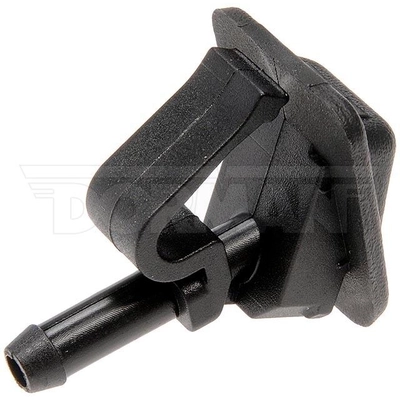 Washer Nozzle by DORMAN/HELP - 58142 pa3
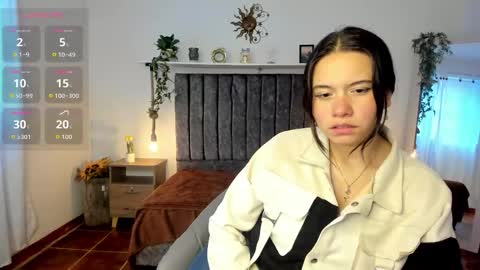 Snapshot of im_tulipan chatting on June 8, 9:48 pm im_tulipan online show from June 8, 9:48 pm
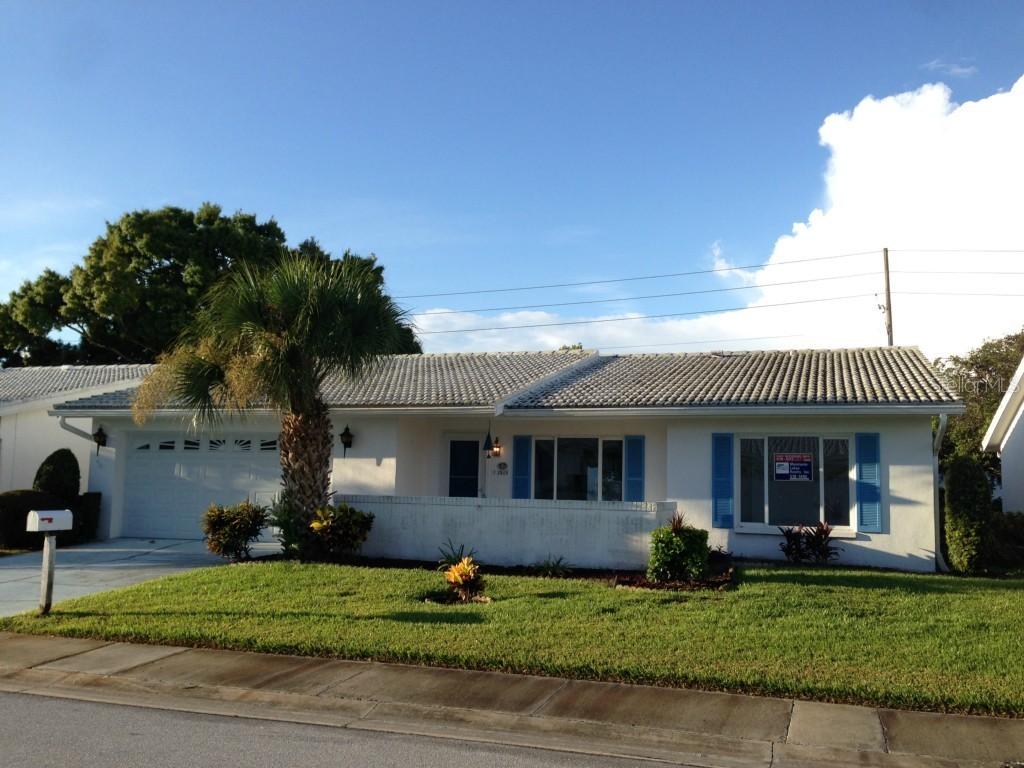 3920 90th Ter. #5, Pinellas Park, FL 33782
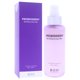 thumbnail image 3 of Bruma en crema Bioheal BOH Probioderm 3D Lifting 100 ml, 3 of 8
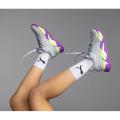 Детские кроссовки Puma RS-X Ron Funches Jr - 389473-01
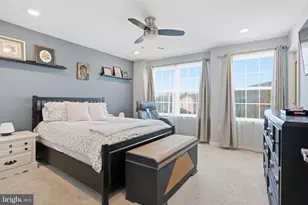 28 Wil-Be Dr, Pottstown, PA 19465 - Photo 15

--

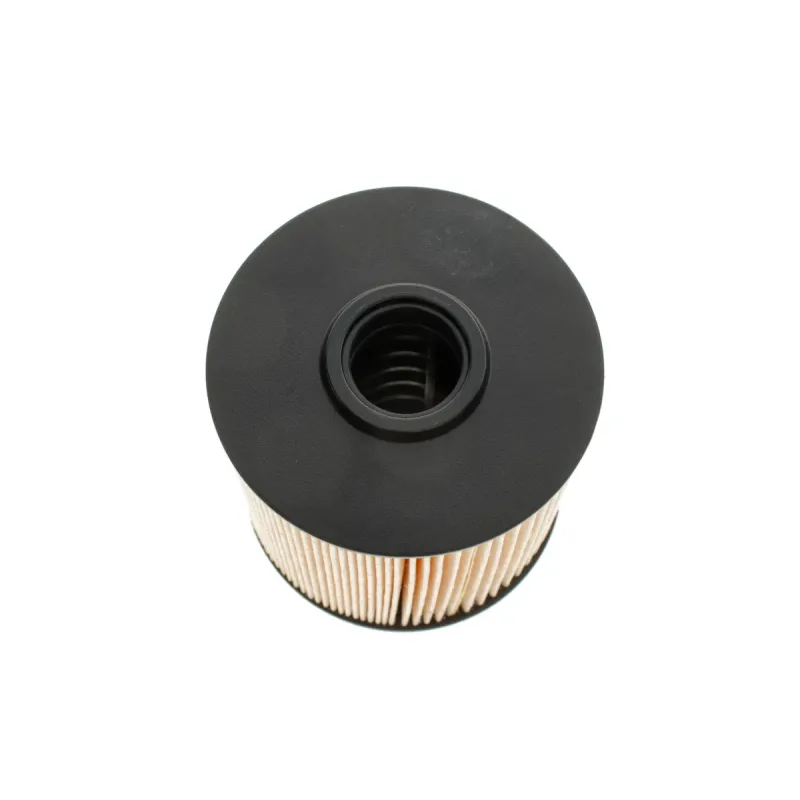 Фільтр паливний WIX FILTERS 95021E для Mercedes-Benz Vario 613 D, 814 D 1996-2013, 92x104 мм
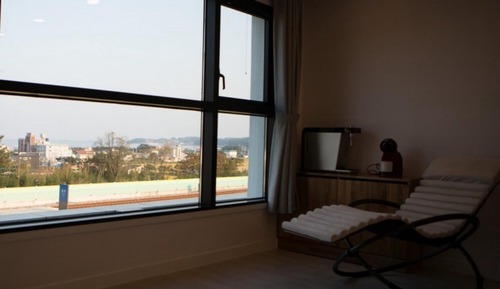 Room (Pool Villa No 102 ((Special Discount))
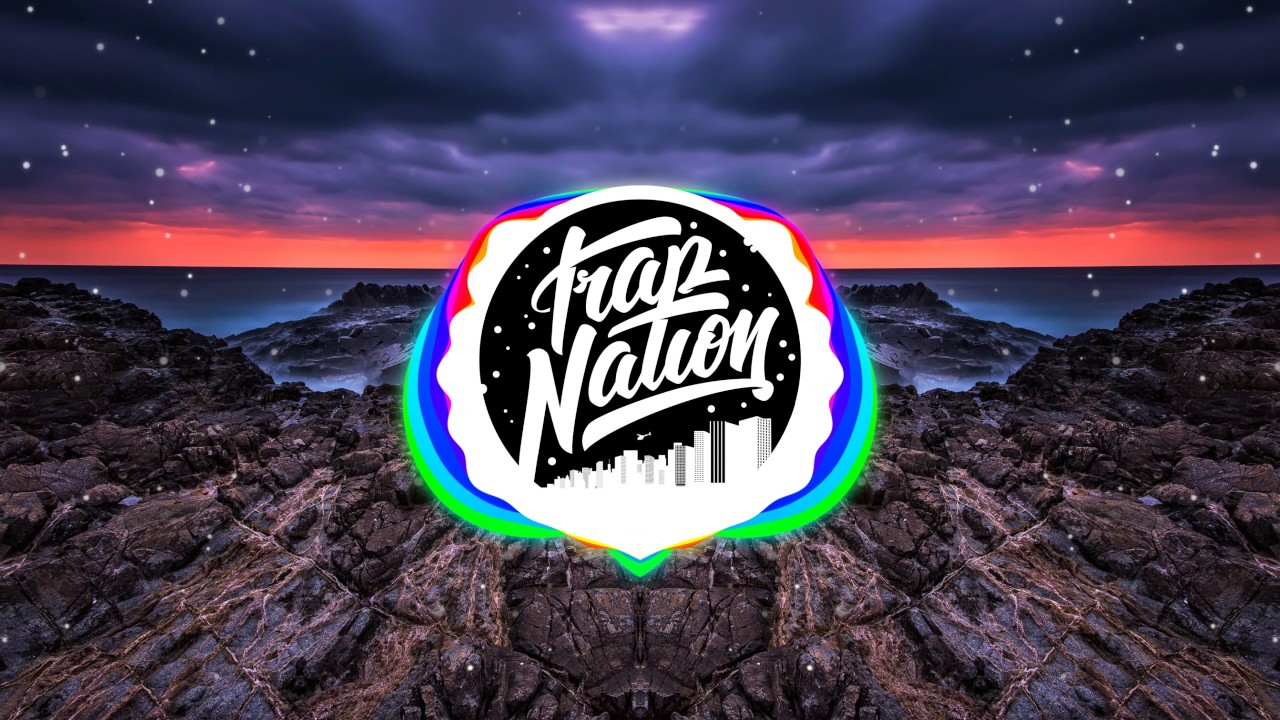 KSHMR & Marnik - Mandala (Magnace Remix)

#### [EXERCISE AIM]
Among the entries above, locate the line with "Washer Nozzle by DORMAN/HELP - 58142 pa3" and the line with "28 Wil-Be Dr, Pottstown, PA 19465 - Photo 15". Give those two lines and all lines between them again, exactly, leaving out the pictures.

#### [REPLY]
 Washer Nozzle by DORMAN/HELP - 58142 pa3
 Snapshot of im_tulipan chatting on June 8, 9:48 pm im_tulipan online show from June 8, 9:48 pm
 3920 90th Ter. #5, Pinellas Park, FL 33782
 thumbnail image 3 of Bruma en crema Bioheal BOH Probioderm 3D Lifting 100 ml, 3 of 8
 Детские кроссовки Puma RS-X Ron Funches Jr - 389473-01
 28 Wil-Be Dr, Pottstown, PA 19465 - Photo 15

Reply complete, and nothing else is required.